What you will do:
Write out each line below precisely, passing over the pictures.

Stored data entries
_ _ _

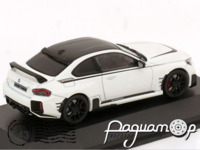 BMW M2 (G87) M Performance (2023) S4314603-2 [LB]***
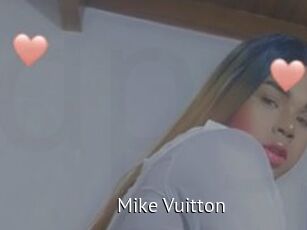 Mike_Vuitton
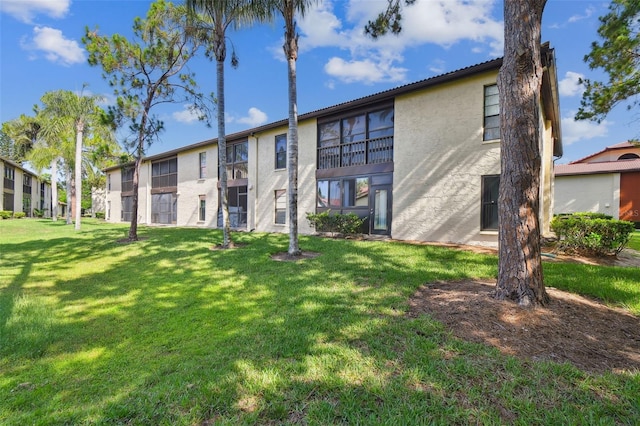 1801 E Lake Rd Unit 3A, Palm Harbor, FL 34685 - photo 31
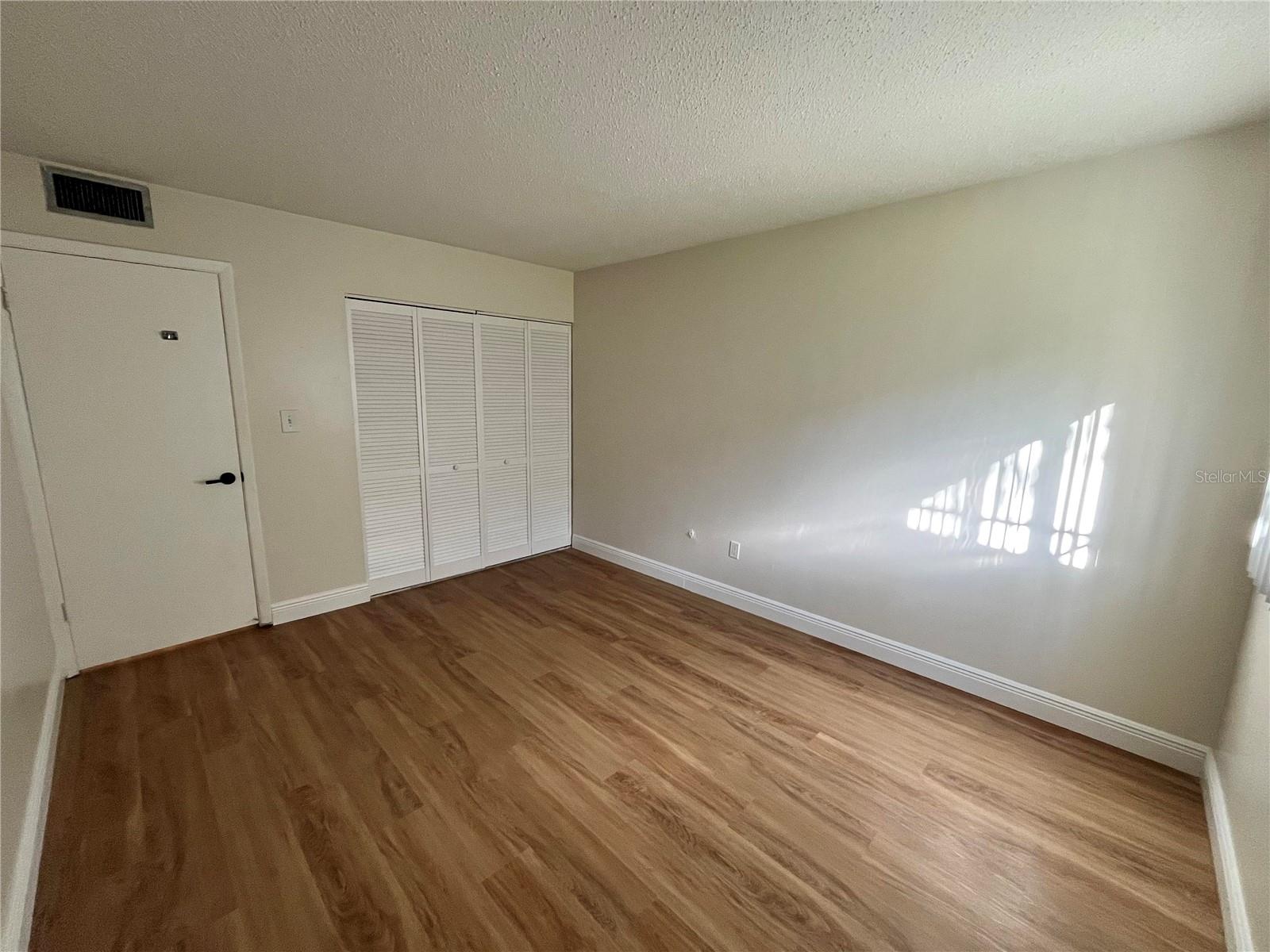 SHORE COLONY CONDO - Residential Lease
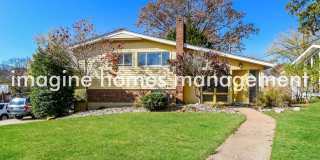 9919 Foxglove Drive Gallery 1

_ _ _

Expected output:
 BMW M2 (G87) M Performance (2023) S4314603-2 [LB]***
 Mike_Vuitton
 1801 E Lake Rd Unit 3A, Palm Harbor, FL 34685 - photo 31
 SHORE COLONY CONDO - Residential Lease
 9919 Foxglove Drive Gallery 1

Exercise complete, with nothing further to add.